(Beginning of RECORD EXCERPTS)
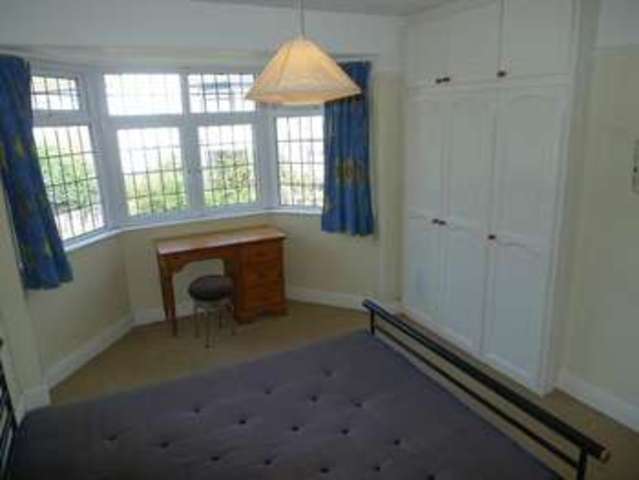  Image of 3 Bedroom Semi-Detached to rent at The Turnways Headingley Leeds, LS6 3DU
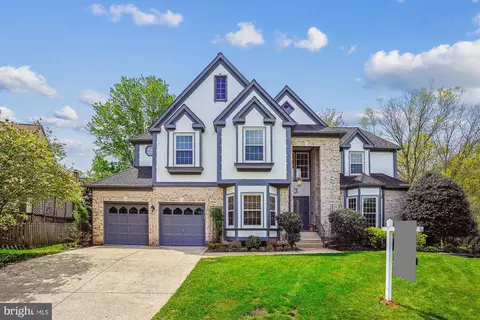 3 Steed Pl, Sterling, VA 20165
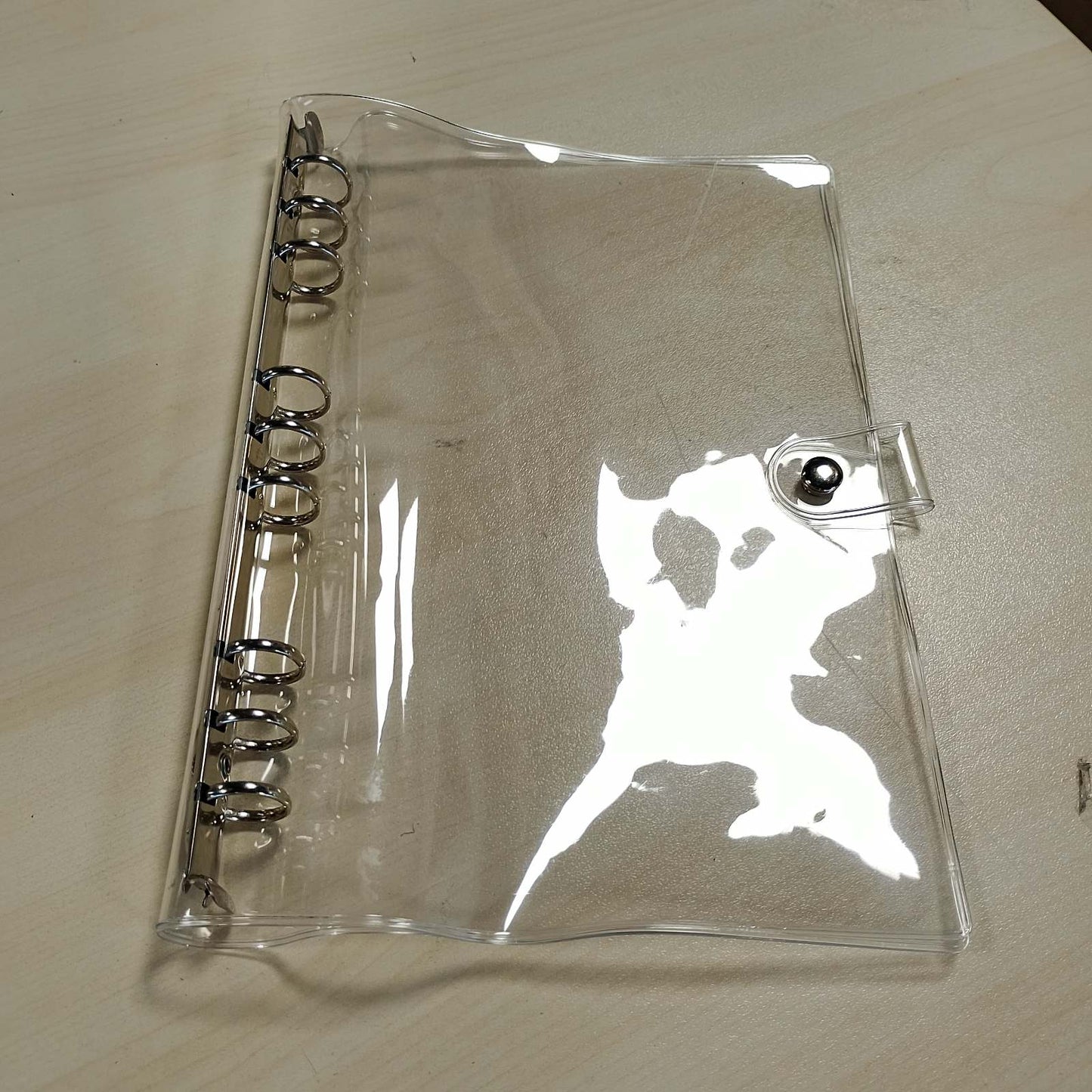 277293 - SINCHIC Dosje B5 në PVC të Butë, Transparente dhe Fleksibile, 9 Vrima, Mbyllje të Papërshkueshme nga Uji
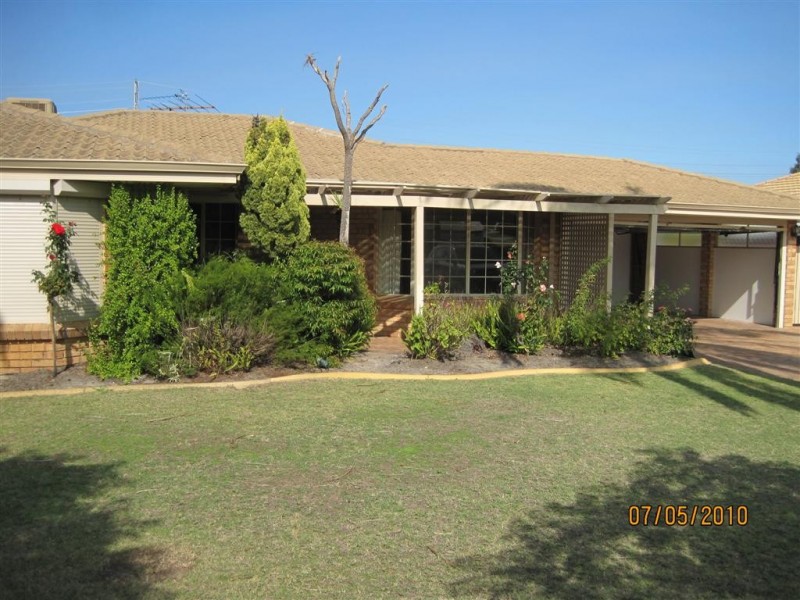 25 Tippett Court, Willetton WA 6155
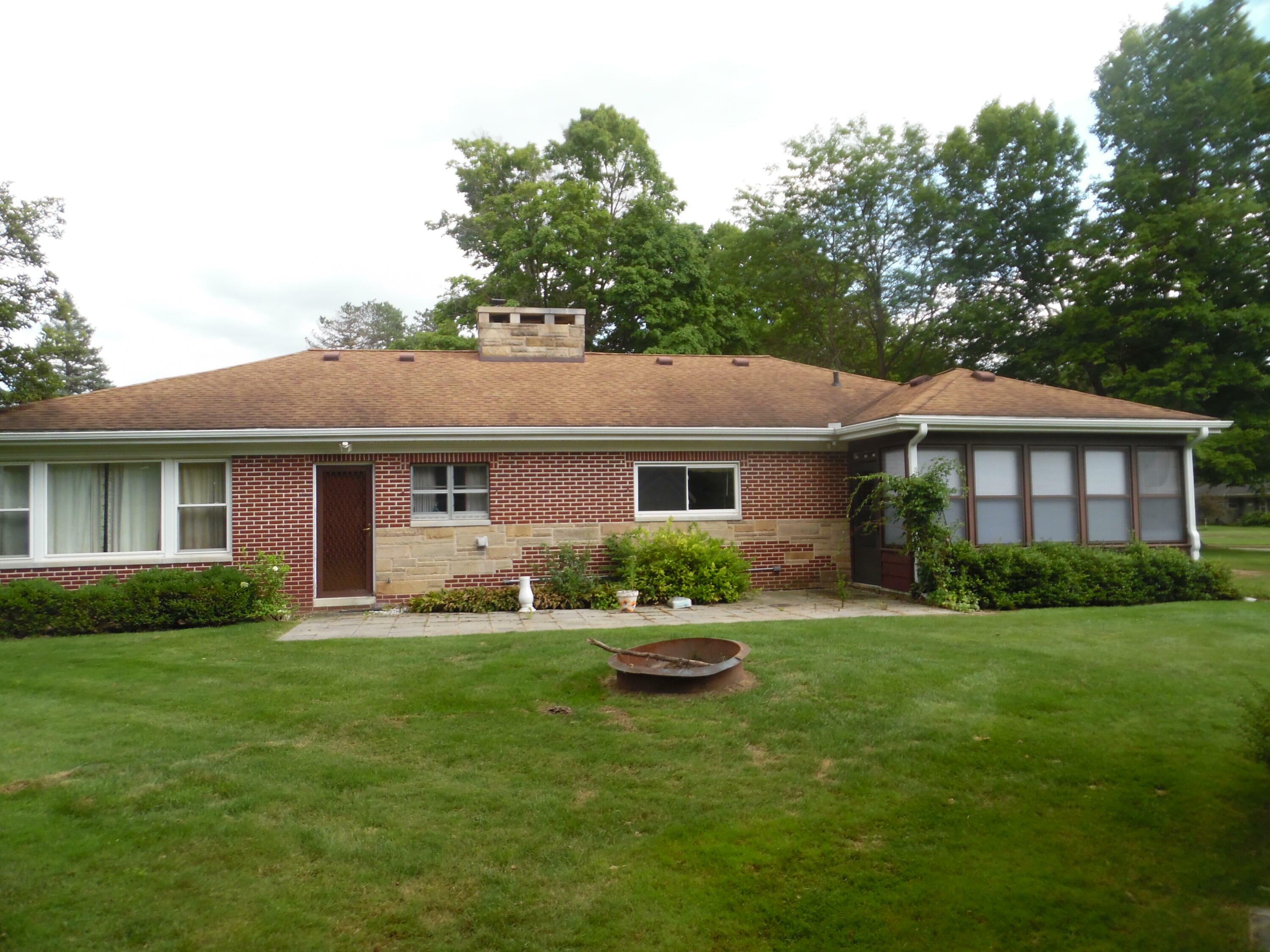 Property Photo:  604 Manor Drive  MI 49224 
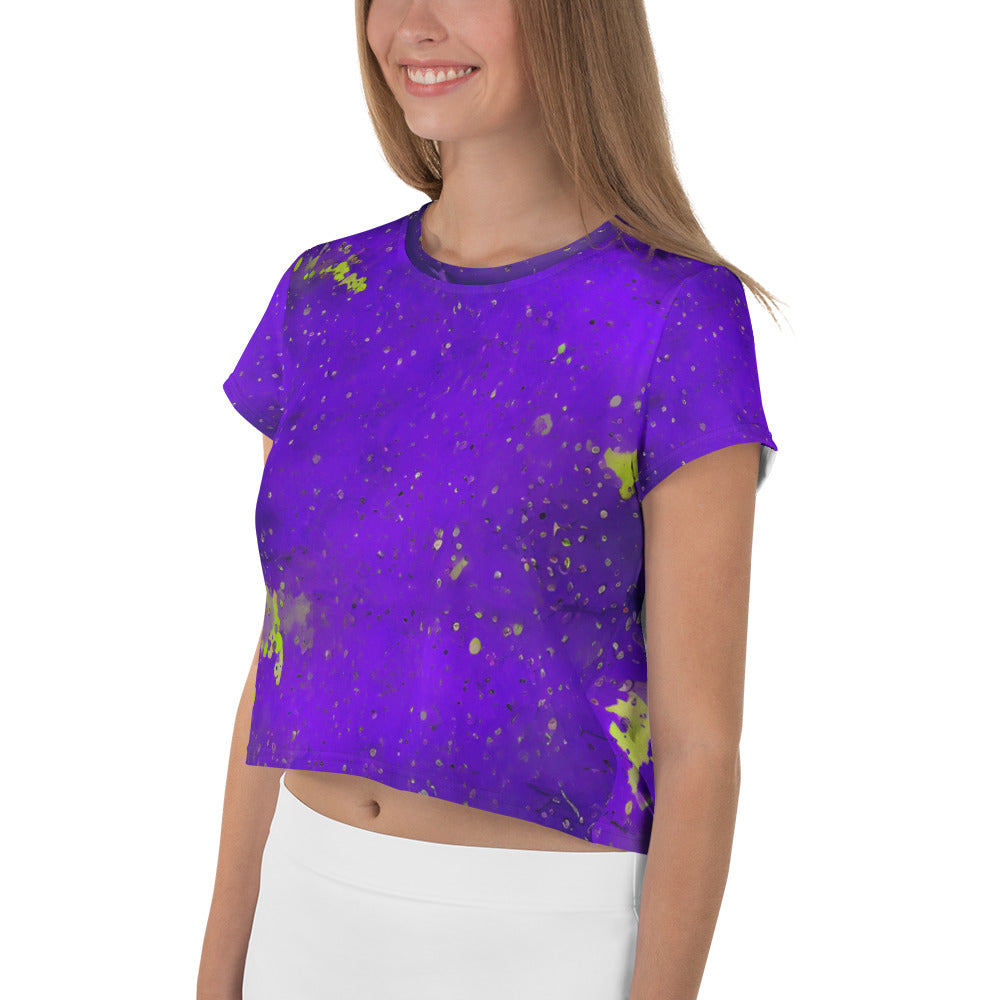 Rugged mud splatter pattern on stylish women's crop shirt.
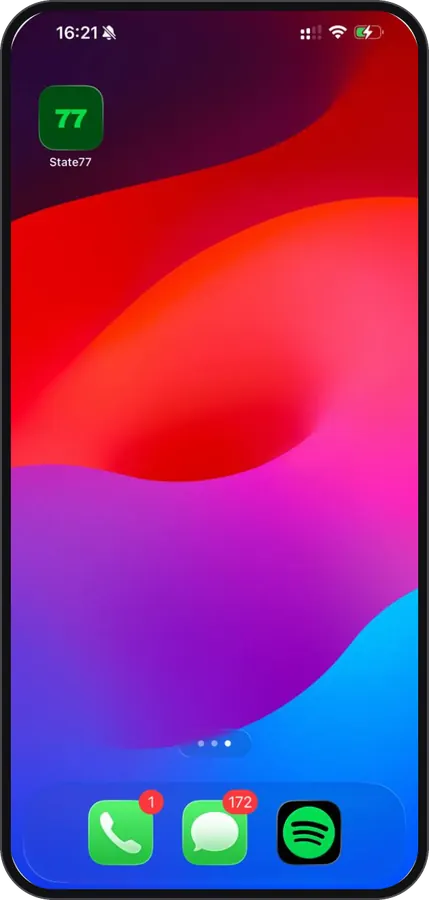 Icono de State77 instalado en la pantalla de inicio de un iPhone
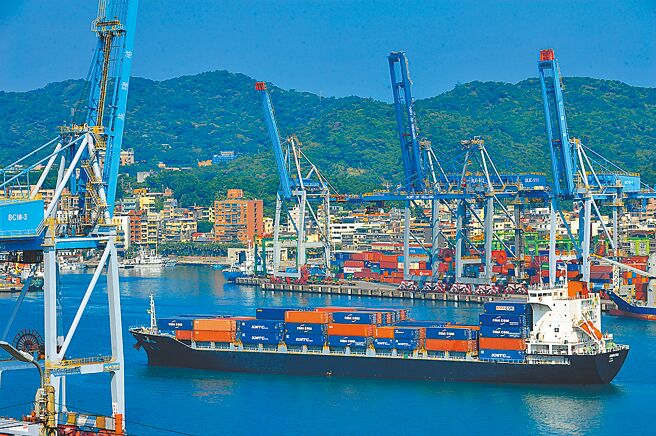 台湾7月出口续旺，财政部估计金额上看417亿～428亿美元，年增率约呈两位数，有望创下歷年最强7月。图／本报资料照片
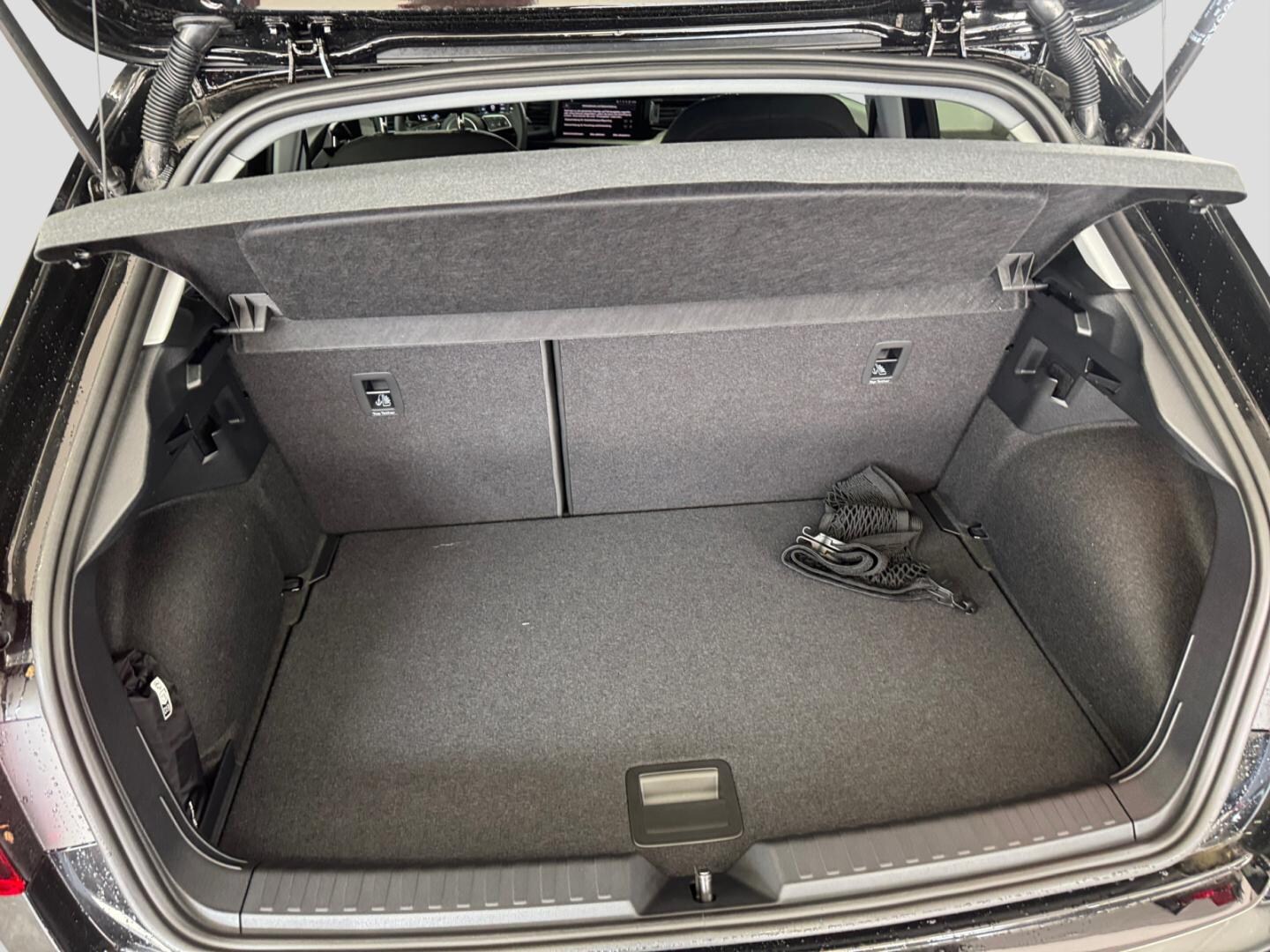 Bild über Audi A1 Sportback advanced 30 TFSI Schaltgetriebe - für weitere Informationen kontaktieren Sie den Audi Partner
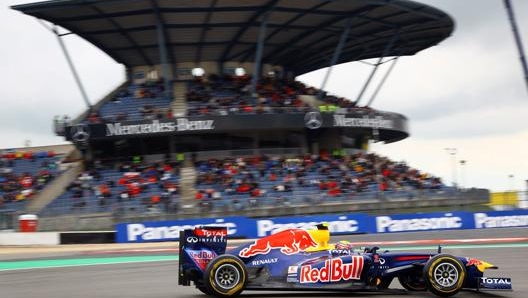 Una immagine del GP di F..1 al Nurburgring 2011: in primo piano Mark Webber allora pilota Red Bull EPA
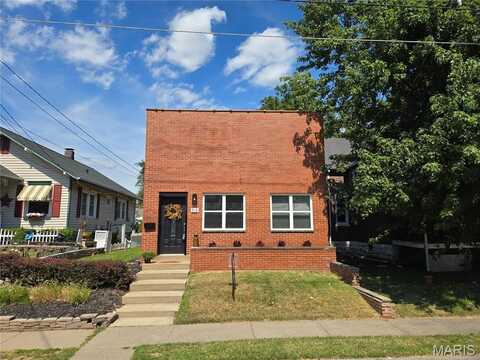 816 Adams Street, Saint Charles, MO 63301
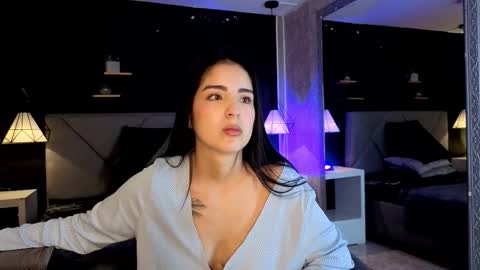 Gia online show from December 2, 2:30 pm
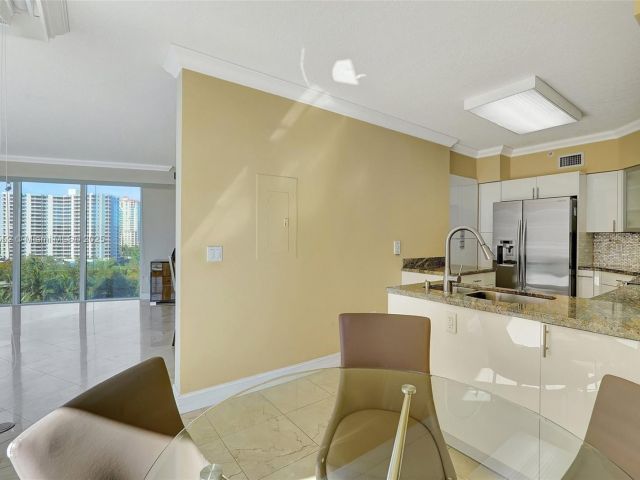 Apartment for sale  Unit #910 - photo 5686997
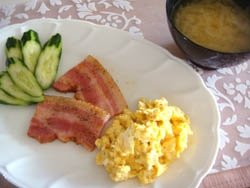卵とベーコンとみそ汁の朝食♪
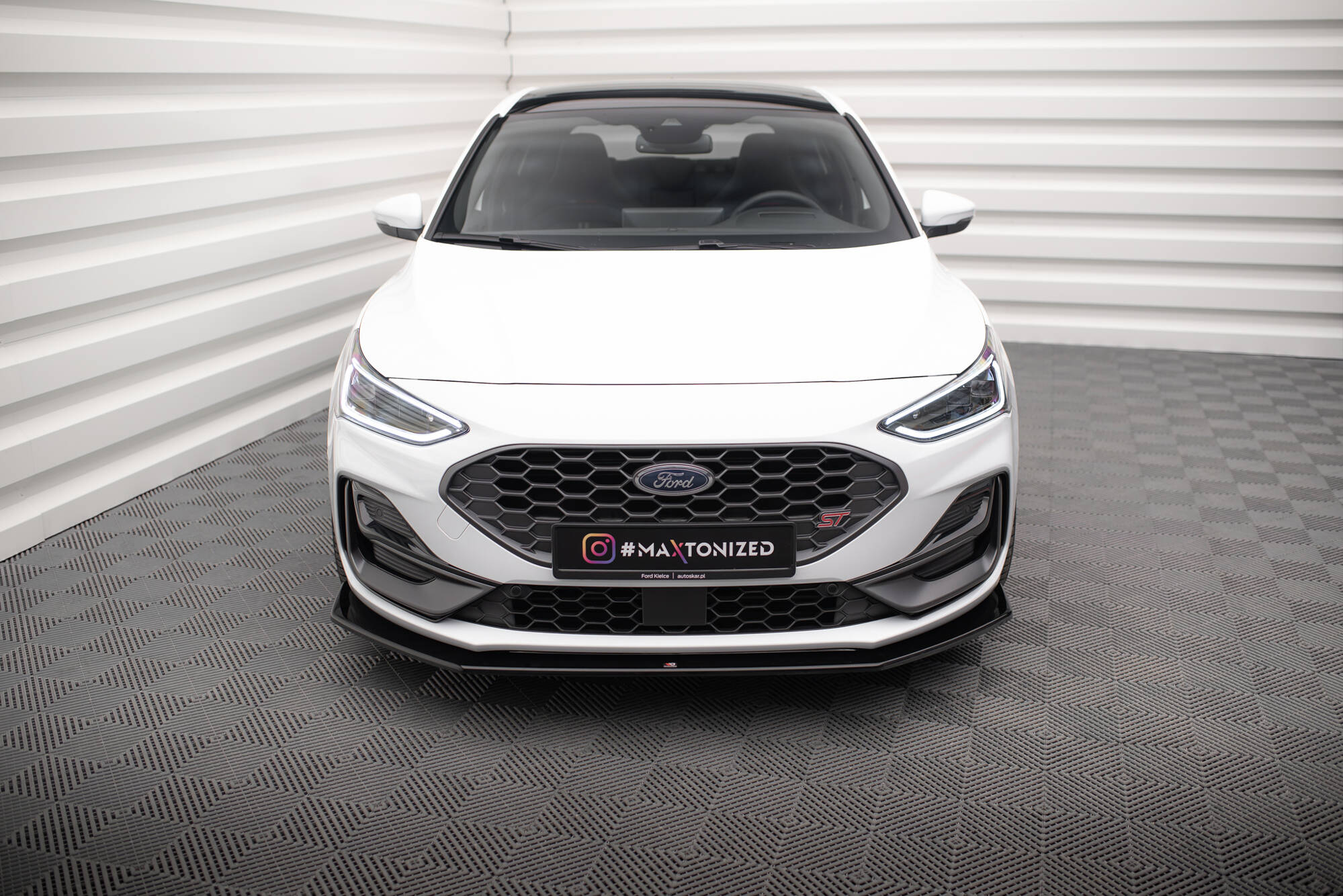 pol_po_Front-Splitter-V-6-Ford-Focus-ST-ST-Line-Mk4-Facelift-21986_4 pol_po_Front-Splitter-V-6-Ford-Focus-ST-ST-Line-Mk4-Facelift-21986_4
(End of RECORD EXCERPTS)
What the reply must contain is an exact transcription of the data above and none of its pictures.

  Image of 3 Bedroom Semi-Detached to rent at The Turnways Headingley Leeds, LS6 3DU
 3 Steed Pl, Sterling, VA 20165
 277293 - SINCHIC Dosje B5 në PVC të Butë, Transparente dhe Fleksibile, 9 Vrima, Mbyllje të Papërshkueshme nga Uji
 25 Tippett Court, Willetton WA 6155
 Property Photo:  604 Manor Drive  MI 49224 
 Rugged mud splatter pattern on stylish women's crop shirt.
 Icono de State77 instalado en la pantalla de inicio de un iPhone
 台湾7月出口续旺，财政部估计金额上看417亿～428亿美元，年增率约呈两位数，有望创下歷年最强7月。图／本报资料照片
 Bild über Audi A1 Sportback advanced 30 TFSI Schaltgetriebe - für weitere Informationen kontaktieren Sie den Audi Partner
 Una immagine del GP di F..1 al Nurburgring 2011: in primo piano Mark Webber allora pilota Red Bull EPA
 816 Adams Street, Saint Charles, MO 63301
 Gia online show from December 2, 2:30 pm
 Apartment for sale  Unit #910 - photo 5686997
卵とベーコンとみそ汁の朝食♪
 pol_po_Front-Splitter-V-6-Ford-Focus-ST-ST-Line-Mk4-Facelift-21986_4 pol_po_Front-Splitter-V-6-Ford-Focus-ST-ST-Line-Mk4-Facelift-21986_4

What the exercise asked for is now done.